Silent Souls (2010) de Aleksei Fedorchenko evoca uma etnia milenar desaparecida, os Merja, que foi entretanto transformada pelos Eslavos, chegando à Rússia moderna apenas sob a forma de alguns costumes e tradições nas zonas de Rostov, Jaroslavl, a norte de Moscovo.
Mesmo não sabendo que o primeiro trabalho de Fedorchenko se tratava de um falso documentário, First on the Moon (2005), é difícil não nos questionarmos sobre a veracidade do que nos é apresentado em Silent Souls. Não os costumes e as tradições apresentadas, mas a hipótese de eles prevalecerem numa sociedade moderna, com o controlo e a legislação que nos rege. Seria possível transportar um corpo num carro comum embrulhado numa manta ao longo de vários quilómetros sem ninguém querer saber, e mesmo a polícia achar normal?
Mas isto é apenas a superfície da realidade que serve de ponto de partida à narrativa mágico-realista de Fedorchenko. O que o filme nos traz vai muito para além desses detalhes, e joga-se no mundo do espiritual, expondo a nu o modo como os Merja conceptualizam a vida, sob um olhar muito distinto dos grandes padrões religiosos da Europa ocidental. Aqui tudo é "água", e a nossa vida é apenas uma passagem no grande rio.

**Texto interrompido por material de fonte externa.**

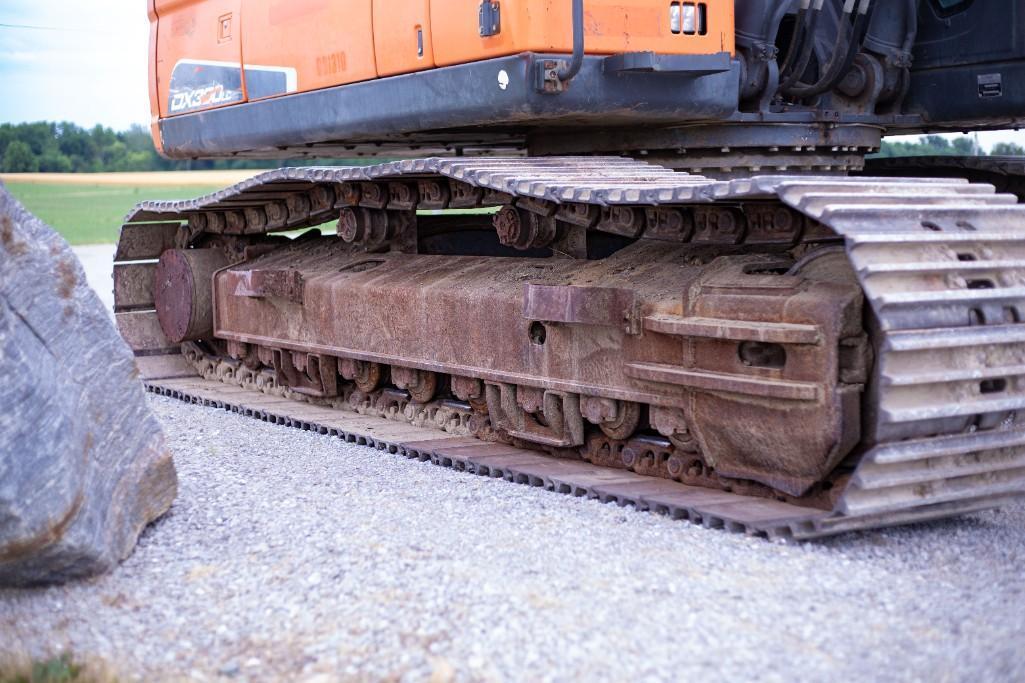 2014 Doosan DX300LC5 Excavator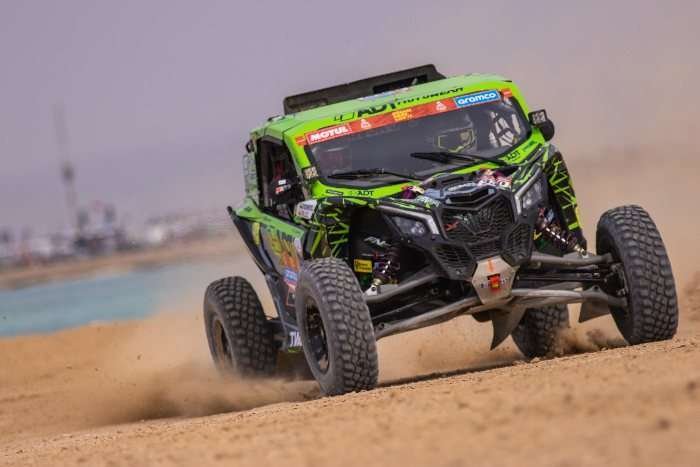 Toby Price lidera el rally cerca del final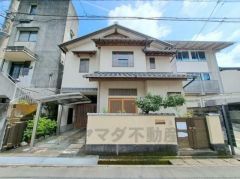 落ち着いた時間を過ごせる純和風住宅です。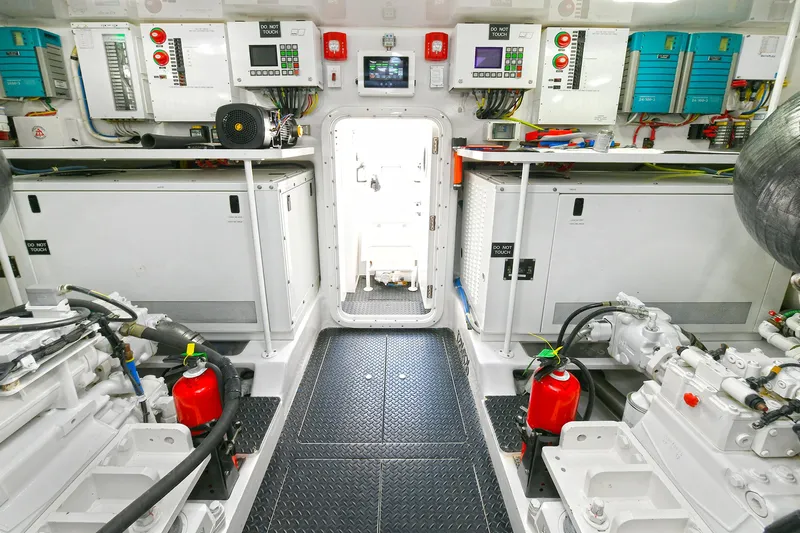 On The Edge Yacht Photos Pics 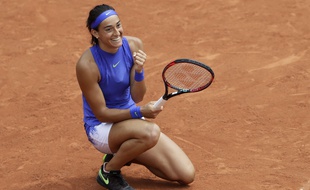 Caroline Garcia après sa victoire face à Alizé Cornet, le 5 juin 2017.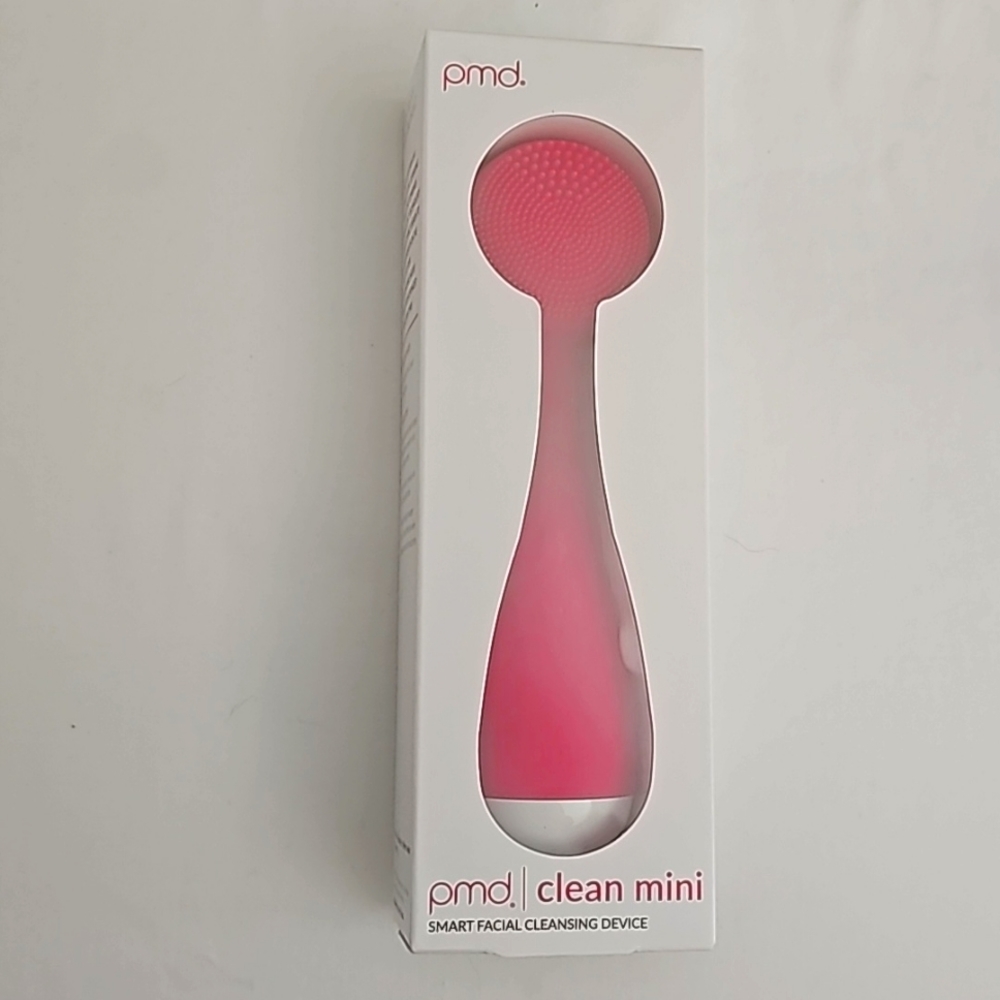 PMD Clean Mini Smart Facial Cleansing Tool New in Box $69 Retail. Travel size!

Se na história se evocam temas profundos adocicados pela magia de diferentes visões do mundo, na estética temos magia cinematográfica. Desde o ritmo calmo e sereno mas sem delongas à fotografia absolutamente magistral criada por Mikhail Krichman, tudo contribui para a criação de uma aura de transcendência da vida. Krichman recebeu a Osella de ouro em Veneza para esta fotografia, mas nada que surpreenda depois de ter assinado as magistrais fotografias dos três filmes de Andrey Zvyagintsev.
Silent Souls mexe connosco e questiona-nos, não dá, nem pretende dar respostas, é melancólico sem ser propriamente dramático, é uma viagem através de lugares frios e distantes, com costumes distintos mas que falam ao nosso interior. É um poema audiovisual.